Pues bien, ésta fue la primera vez que en público, no en sueños privados, de los que la prudencia y el escepticismo aconsejan siempre dudar, fue la primera vez, decimos, que una voz se levantó, voz diabólica que era, para anunciar que este Jesús de Nazaret era hijo de Dios, lo que él mismo hasta entonces desconocía, pues durante la conversación que sostuvo con Dios en el desierto, no se había abordado la cuestión de la paternidad. Te necesitaré más tarde, fue todo lo que le dijo el Señor, y ni siquiera era posible buscarle el parecido, teniendo en cuenta que el padre se había mostrado ante él con figura de nube y de columna de humo.

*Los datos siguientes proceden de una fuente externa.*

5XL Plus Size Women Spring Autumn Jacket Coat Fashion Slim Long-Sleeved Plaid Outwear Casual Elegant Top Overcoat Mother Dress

El poseso se revolcaba a sus pies, la voz dentro de él había pronunciado lo impronunciado hasta ahora y se calló, en ese instante, Jesús, como quien acabara de reconocerse en otro, se sintió también él como el poseído, poseído por unos poderes que lo llevarían no sabíA adónde o a qué, pero, sin duda, al fin de todo, a la tumba y a las tumbas. Le preguntó al espíritu, Cómo te llamas, y el espíritu respondió, Legión, porque somos muchos. Dijo Jesús, imperiosamente, Sal de este hombre, espíritu inmundo.
Apenas lo hubo dicho, se irguió el coro de voces diabólicas, unas finas y agudas, otras gruesas y roncas, unas suaves como de mujer, otras que parecían sierra serrando piedra, una en tono de sarcasmo provocador, otras con humildades falsas de mendigo, unas soberbias, otras quejumbrosas, unas como de niño que está aprendiendo a hablar, otras que eran sólo un grito de fantasma y gemido de dolor, pero todas suplicaban a Jesús que los dejase quedarse allí, que este sitio ya lo conocían, que bastará con que les diera orden y saldrían del cuerpo del hombre, pero que, por favor, no los expulsase del país. Preguntó Jesús, Y para dónde queréis ir. Ahora bien, próxima al monte, pastaba una piara enorme, y los espíritus impuros le pidieron a Jesús, Mándanos entrar en los puercos y entraremos en ellos. Jesús lo pensó y le pareció que era una buena solución, considerando que aquellos animales debían ser hacienda de gentiles, dado que la carne de cerdo es impura para los judíos. La idea de que comiendo sus cerdos, podrían los gentiles ingerir también a los demonios que encerraban y quedar posesos, no se le ocurrió a Jesús, como tampoco se le ocurrió lo que después desgraciadamente aconteció, pero la verdad es que ni un hijo de Dios, con poco hábito aún de tan alto parentesco, podría prever, como en un lance de ajedrez, todas las consecuencias de una simple jugada, de una simple decisión. Los espíritus impuros, excitadísimos, esperaban la respuesta de Jesús, hacían apuestas, y cuando llegó la decisión, Sí, podéis pasar a los puercos, dieron al unísono un grito descarado de alegría y, violentamente, entraron en los animales. Sea por lo inesperado del choque, sea porque los puercos no estaban habituados a andar con demonios dentro, el resultado fue que enloquecieron todos de repente y se lanzaron por un precipicio, los dos mil que eran, yendo a caer al mar, donde murieron ahogados todos.